▶ _WORK TO COMPLETE_: Only one stretch of the data below should be repeated: the lines from the line containing "Oferuję wynajmę mieszkanie" through the line containing "Lovely Apartment - Gocciadimare", inclusive, exactly as they are.

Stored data
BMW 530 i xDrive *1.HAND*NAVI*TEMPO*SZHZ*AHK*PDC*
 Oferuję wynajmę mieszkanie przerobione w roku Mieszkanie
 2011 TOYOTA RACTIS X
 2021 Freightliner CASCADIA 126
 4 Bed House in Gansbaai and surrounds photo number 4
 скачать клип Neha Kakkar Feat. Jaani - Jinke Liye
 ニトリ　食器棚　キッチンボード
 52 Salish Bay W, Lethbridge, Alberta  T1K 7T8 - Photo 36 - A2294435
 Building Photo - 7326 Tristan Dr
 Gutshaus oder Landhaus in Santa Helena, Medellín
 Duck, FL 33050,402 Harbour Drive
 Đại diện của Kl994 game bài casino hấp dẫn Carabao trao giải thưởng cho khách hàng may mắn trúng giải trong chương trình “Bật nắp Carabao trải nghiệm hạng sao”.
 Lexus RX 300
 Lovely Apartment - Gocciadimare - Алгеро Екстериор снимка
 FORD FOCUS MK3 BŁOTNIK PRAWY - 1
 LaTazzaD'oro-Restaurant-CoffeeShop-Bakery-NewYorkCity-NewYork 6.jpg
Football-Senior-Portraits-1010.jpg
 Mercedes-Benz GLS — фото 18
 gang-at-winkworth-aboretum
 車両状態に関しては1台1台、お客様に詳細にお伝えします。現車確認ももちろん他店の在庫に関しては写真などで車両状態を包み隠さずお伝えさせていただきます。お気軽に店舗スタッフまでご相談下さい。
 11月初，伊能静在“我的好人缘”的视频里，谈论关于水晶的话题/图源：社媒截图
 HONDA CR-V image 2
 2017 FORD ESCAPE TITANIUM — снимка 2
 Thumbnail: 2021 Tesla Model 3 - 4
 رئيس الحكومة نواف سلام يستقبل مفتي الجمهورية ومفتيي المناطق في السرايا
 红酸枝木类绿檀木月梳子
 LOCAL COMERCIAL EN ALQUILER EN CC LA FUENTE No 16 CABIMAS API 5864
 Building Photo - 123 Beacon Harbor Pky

▶ _ANSWER BELOW_:
 Oferuję wynajmę mieszkanie przerobione w roku Mieszkanie
 2011 TOYOTA RACTIS X
 2021 Freightliner CASCADIA 126
 4 Bed House in Gansbaai and surrounds photo number 4
 скачать клип Neha Kakkar Feat. Jaani - Jinke Liye
 ニトリ　食器棚　キッチンボード
 52 Salish Bay W, Lethbridge, Alberta  T1K 7T8 - Photo 36 - A2294435
 Building Photo - 7326 Tristan Dr
 Gutshaus oder Landhaus in Santa Helena, Medellín
 Duck, FL 33050,402 Harbour Drive
 Đại diện của Kl994 game bài casino hấp dẫn Carabao trao giải thưởng cho khách hàng may mắn trúng giải trong chương trình “Bật nắp Carabao trải nghiệm hạng sao”.
 Lexus RX 300
 Lovely Apartment - Gocciadimare - Алгеро Екстериор снимка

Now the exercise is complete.